Una ronda de conversaciones de libre comercio entre la Unión Europea y Australia fue aplazada tras una disputa por la decisión del gobierno australiano de cancelar un contrato multimillonario para adquirir submarinos franceses, dijeron el viernes funcionarios australianos y de la UE.

El portavoz de la comisión de la UE Eric Mamer dijo que la decisión de postergar la reunión fue tomada por la rama ejecutiva del bloque. A una pregunta de si era una medida de represalia, Mamer respondió: La UE no se dedica a castigar a nadie.

Miriam García Ferrer, la portavoz comercial de la comisión de la UE, insistió en que la demora no significa el fin de las discusiones, mientras que el ministro australiano de Comercio Dan Tehan dijo que continuaría planeando reunirse con su colega de la UE Valdis Dombrovskis la semana próxima para hablar de las negociaciones, fijadas ahora para noviembre.

Un acuerdo de libre comercio es del interés de Australia y la Unión Europea y fortalecerá nuestra relación, que está construida sobre el compromiso compartido con la democracia, los derechos humanos, el imperio de la ley y la apertura económica, dijo Tehan en una declaración

Entendemos la reacción de Francia a nuestra decisión de los submarinos, pero al final una nación debe actuar en su interés nacional, que es lo que ha hecho Australia, añadió.

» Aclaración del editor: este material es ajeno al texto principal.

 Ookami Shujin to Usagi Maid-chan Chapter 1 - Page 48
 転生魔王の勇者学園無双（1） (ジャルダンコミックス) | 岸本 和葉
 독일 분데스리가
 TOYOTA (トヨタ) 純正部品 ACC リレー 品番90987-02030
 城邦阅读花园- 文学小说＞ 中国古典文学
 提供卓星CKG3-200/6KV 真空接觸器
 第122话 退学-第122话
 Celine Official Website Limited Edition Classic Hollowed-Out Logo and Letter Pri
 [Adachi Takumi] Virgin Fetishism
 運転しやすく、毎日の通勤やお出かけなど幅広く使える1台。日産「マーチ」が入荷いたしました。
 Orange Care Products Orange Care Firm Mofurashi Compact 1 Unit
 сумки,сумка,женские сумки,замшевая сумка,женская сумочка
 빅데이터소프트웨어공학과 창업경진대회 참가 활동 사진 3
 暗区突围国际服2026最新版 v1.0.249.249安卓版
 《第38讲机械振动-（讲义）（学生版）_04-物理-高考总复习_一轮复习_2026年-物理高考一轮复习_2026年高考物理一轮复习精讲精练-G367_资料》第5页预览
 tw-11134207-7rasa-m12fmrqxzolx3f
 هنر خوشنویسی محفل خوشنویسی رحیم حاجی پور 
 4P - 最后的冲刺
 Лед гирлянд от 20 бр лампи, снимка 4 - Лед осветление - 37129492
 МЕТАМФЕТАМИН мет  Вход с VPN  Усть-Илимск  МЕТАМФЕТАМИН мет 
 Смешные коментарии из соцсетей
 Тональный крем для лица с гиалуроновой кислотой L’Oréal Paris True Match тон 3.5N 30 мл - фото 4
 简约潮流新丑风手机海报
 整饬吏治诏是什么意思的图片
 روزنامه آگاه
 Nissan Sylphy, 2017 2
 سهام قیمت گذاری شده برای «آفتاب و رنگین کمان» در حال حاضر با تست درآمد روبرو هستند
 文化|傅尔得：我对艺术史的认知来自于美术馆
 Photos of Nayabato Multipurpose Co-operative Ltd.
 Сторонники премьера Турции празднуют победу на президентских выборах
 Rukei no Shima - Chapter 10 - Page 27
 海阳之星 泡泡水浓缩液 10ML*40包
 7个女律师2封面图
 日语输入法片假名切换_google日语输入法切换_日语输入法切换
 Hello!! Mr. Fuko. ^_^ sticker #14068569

La UE inició las negociaciones para un acuerdo de libre comercio con Australia en 2018. La 12da ronda de conversaciones iba a realizarse este mes vía videoconferencia.

Australia firmó en 2016 un acuerdo de 90.000 millones de dólares australianos (66.000 millones de dólares) con el consorcio francés Naval Group, propiedad mayoritaria del estado, para adquirir 12 submarinos convencionales de propulsión diésel-eléctrica, pero el primer ministro Scott Morrison canceló el acuerdo el mes pasado como parte de una nueva alianza con Estados Unidos y Gran Bretaña que le dará a Australia al menos ocho submarinos de propulsión nuclear.

El paso enfureció a Francia y fue criticado por la presidenta de la Comisión Europea Ursula von der Leyen.